La aceptación puede revestirse de sarcasmo: ¡quién lo diría, el mundo es un lugar peligroso! Suceden cosas inesperadas y una buena parte de ellas nos lesionan. «Si no quieres sufrir graves lesiones o morir, evita los lavabos, las escaleras, los jardines y las calles». El mundo «es una máquina de matar». En serio, un accidente, como la vida en su conjunto, es solo «puro azar», sin significado alguno.
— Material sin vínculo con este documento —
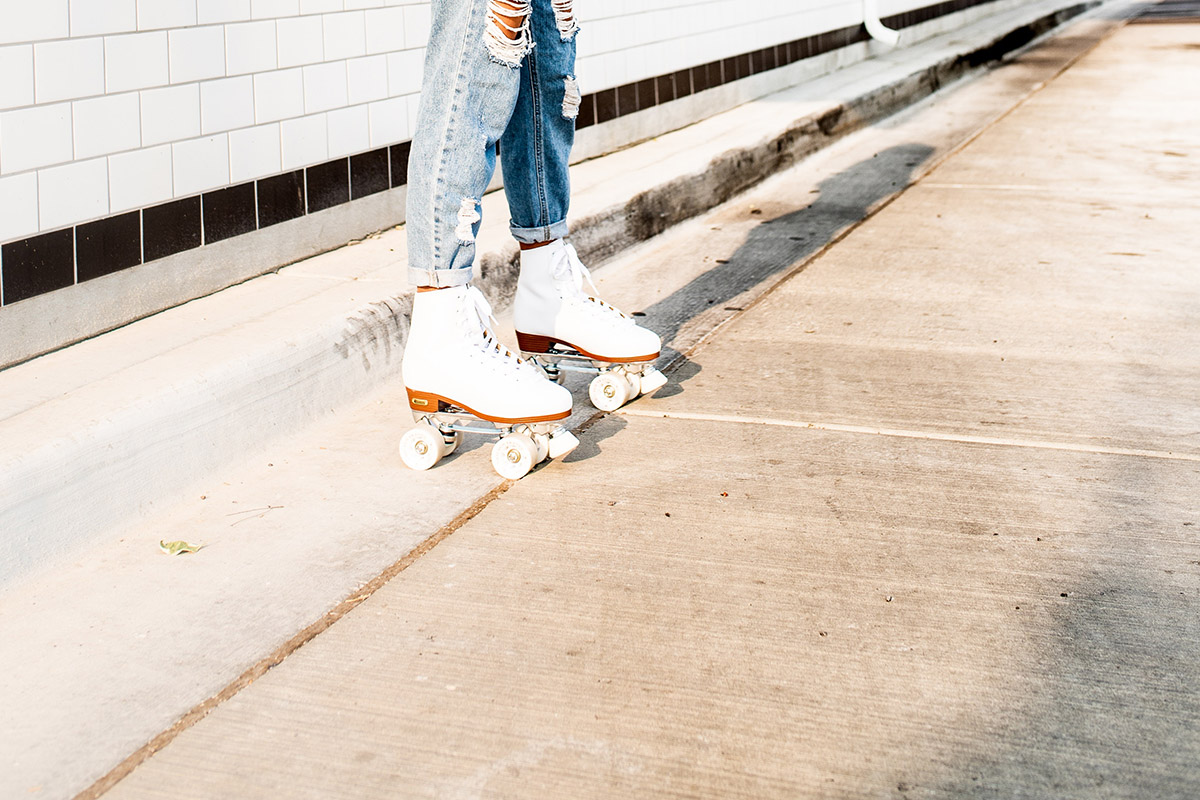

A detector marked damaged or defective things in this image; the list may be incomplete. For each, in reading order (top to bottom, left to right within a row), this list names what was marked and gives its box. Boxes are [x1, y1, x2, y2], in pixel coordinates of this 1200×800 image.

cracked concrete edge [0, 0, 1104, 587]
Aceptarlo así no supone rendirse, sino todo lo contrario. No es expresión de debilidad sino de fortaleza: «De hecho, soy más fuerte ahora como inválido», confiesa Kureishi.
Un año después del accidente, cuando termina el libro, el paciente ha mejorado algo y puede estar en su casa, pero básicamente su situación permanece estacionaria. Apenas puede moverse, pero ahora en cambio sabe mucho más. Sabe, por ejemplo, que la escritura le ha salvado. Y le ha hecho comprender que el destino humano se parece mucho a alguien que camina tranquilamente hacia el desastre. Aun así, concluye, «no pienso hundirme; sacaré algo valioso de todo esto».